En la mañana del 21 de septiembre del 2016, los cubanos que seguimos el béisbol estábamos convencidos de que uno de los mejores pitchers del momento había nacido en nuestra tierra, nos pertenecía, porque los peloteros de la Isla son propiedad nacional, de la gente que los ama, sin importar la camiseta que vistan.
La noche anterior, José “Delfín” Fernández, muchacho atrevido criado en Villa Clara y resurgido en un tenebroso paso por el Estrecho de la Florida, había conquistado por enésima ocasión los montículos de las Mayores, se había robado los reflectores frente a 17 961 fanáticos presentes en el Marlins Park, su coliseo preferido.
Ciento once pitcheos, ocho innings, 12 ponches, la pizarra llena de ceros… Su línea fue perfecta aquel 20 de septiembre, cuando situó a los Nacionales de Washington frente a un rompecabezas que jamás se acercaron a descifrar, una obra de arte dibujada a velocidad endemoniada, como toda su carrera.
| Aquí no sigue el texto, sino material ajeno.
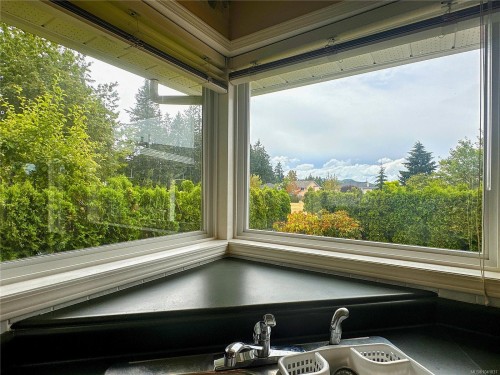 5295 Crestview Dr, Nanaimo, BC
Aquella joya nos demostró que Fernández, con solo 24 años, era un ser superior; nos quedó la impresión de que no tenía límites, de que en la siguiente salida podía ser, incluso, mejor. Pero no sabíamos que, en realidad, lo estábamos observando por última vez, no sabíamos que por delante de nuestros ojos estaban pasando, de golpe, todos sus strikes.
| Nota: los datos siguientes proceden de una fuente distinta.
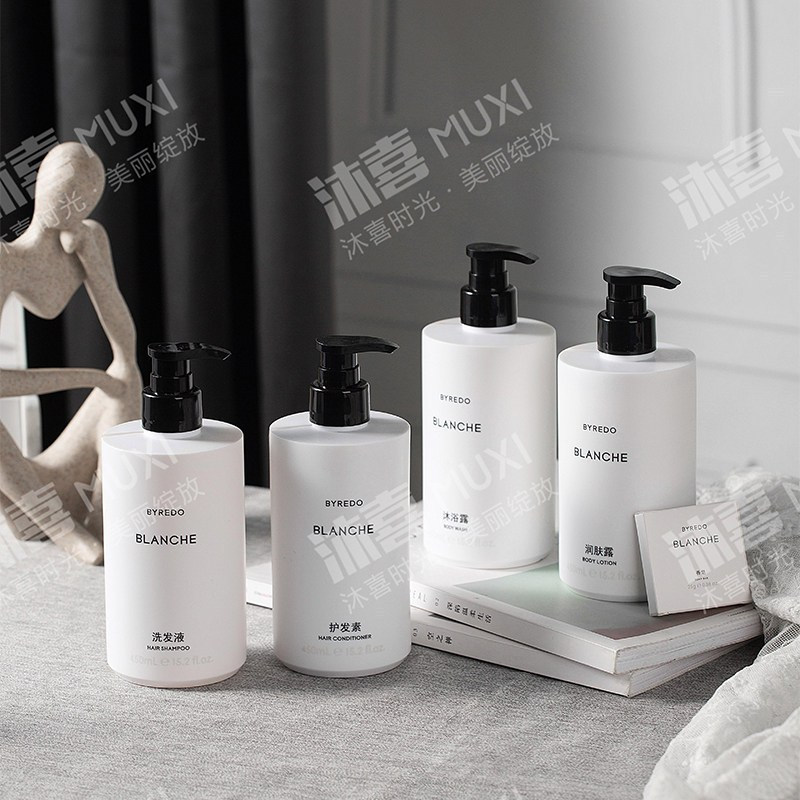 BYREDO BLANCHE White Romantic Shampoo เจลอาบน้ํา โลชั่นให้ความชุ่มชื้น 450ml InterContinental Hotel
Su último pitcheo, un trazo perfecto que cayó como un cuchillo a 91 millas por hora, se alejó demasiado rápido del madero de Daniel Murphy, el mejor bateador del año en MLB, quien solo pudo rozar sutilmente la bola para una rolata inofensiva a segunda base.
Con esa conexión, Fernández se alejó también de nosotros, se perdió de manera insospechada, en el mar, su paraíso, al que había desafiado, domado y burlado para llegar a la tierra prometida. Su vida se desvaneció en las profundidades, como su último pitcheo, que cayó abruptamente.
Pero ese no fue tan solo el pitcheo final de José “Delfín” Fernández, no. También fue la firma que dejó a los Marlins en manos de Derek Jeter; fue el boleto de salida de Giancarlo, Ozuna, Yelich y Dee rumbo a parajes lejanos; fue la sentencia de los Marlins de Miami, hundidos en el lodo de la Florida quién sabe por cuánto tiempo.
La pérdida de Fernández, como diría Daniel Murphy, su último rival en un diamante, va mucho más allá del béisbol, nos trasciende a todos, nos deja en stop, fulminados por un tiro de gracia que nos borró la sonrisa y silenció los estadios.
Es cierto que podemos recordarlo por su pleno disfrute de la vida, por su pasión inagotable por el béisbol, pero cuando hablemos de José “Delfín” Fernández siempre nos invadirá una triste frialdad, una eterna sensación de dolor; no importa que hayan pasado dos años, como no importará cuando haya pasado un siglo.